-- Opening Marker --

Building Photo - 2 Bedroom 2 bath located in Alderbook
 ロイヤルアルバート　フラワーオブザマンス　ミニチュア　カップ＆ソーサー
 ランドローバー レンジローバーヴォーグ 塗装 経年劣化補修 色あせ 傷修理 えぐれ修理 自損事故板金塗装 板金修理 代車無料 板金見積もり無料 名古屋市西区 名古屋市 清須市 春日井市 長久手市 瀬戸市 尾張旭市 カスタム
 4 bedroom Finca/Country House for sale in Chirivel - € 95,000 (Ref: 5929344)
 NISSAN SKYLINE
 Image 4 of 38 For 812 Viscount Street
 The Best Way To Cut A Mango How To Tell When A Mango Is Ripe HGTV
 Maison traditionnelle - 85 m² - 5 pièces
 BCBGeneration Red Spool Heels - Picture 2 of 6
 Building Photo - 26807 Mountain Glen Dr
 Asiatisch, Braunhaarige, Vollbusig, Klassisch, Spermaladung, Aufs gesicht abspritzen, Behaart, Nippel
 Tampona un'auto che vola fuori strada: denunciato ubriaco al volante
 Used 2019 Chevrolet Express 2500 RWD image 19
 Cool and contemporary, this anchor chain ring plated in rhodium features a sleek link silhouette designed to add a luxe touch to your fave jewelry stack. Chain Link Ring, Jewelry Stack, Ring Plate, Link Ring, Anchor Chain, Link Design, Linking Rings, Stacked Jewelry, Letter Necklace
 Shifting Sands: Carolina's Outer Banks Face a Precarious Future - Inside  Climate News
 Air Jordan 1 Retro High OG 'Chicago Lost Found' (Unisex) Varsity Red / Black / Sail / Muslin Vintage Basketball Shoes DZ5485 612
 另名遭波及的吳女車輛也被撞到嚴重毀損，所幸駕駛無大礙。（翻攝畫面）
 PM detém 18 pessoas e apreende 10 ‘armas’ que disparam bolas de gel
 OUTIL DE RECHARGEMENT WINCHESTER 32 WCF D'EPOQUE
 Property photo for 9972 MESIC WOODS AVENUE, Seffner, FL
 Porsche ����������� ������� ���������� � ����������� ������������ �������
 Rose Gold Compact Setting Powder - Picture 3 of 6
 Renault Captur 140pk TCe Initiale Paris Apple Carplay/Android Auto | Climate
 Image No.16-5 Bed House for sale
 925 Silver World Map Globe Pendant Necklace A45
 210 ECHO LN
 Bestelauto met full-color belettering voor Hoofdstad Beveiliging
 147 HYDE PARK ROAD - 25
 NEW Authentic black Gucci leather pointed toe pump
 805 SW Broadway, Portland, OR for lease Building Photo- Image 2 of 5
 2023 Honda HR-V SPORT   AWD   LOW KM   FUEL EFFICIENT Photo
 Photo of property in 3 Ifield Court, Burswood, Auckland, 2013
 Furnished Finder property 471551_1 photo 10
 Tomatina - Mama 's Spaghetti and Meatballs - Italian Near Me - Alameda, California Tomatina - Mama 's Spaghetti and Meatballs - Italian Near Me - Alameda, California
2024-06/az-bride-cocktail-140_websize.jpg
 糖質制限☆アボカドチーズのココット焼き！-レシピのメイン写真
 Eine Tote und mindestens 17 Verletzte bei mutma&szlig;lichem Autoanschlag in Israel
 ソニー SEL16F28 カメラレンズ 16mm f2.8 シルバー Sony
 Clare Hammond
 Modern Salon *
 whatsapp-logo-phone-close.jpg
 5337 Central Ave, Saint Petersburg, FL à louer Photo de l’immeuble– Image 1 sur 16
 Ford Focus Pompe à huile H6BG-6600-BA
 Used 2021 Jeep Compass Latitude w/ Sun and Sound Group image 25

-- Closing Marker --

To do ▸
Only the lines from the first line of the records through the line containing "Maison traditionnelle - 85 m² - 5 pièces" should be repeated, exactly as they appear.

Exercise output ▸
Building Photo - 2 Bedroom 2 bath located in Alderbook
 ロイヤルアルバート　フラワーオブザマンス　ミニチュア　カップ＆ソーサー
 ランドローバー レンジローバーヴォーグ 塗装 経年劣化補修 色あせ 傷修理 えぐれ修理 自損事故板金塗装 板金修理 代車無料 板金見積もり無料 名古屋市西区 名古屋市 清須市 春日井市 長久手市 瀬戸市 尾張旭市 カスタム
 4 bedroom Finca/Country House for sale in Chirivel - € 95,000 (Ref: 5929344)
 NISSAN SKYLINE
 Image 4 of 38 For 812 Viscount Street
 The Best Way To Cut A Mango How To Tell When A Mango Is Ripe HGTV
 Maison traditionnelle - 85 m² - 5 pièces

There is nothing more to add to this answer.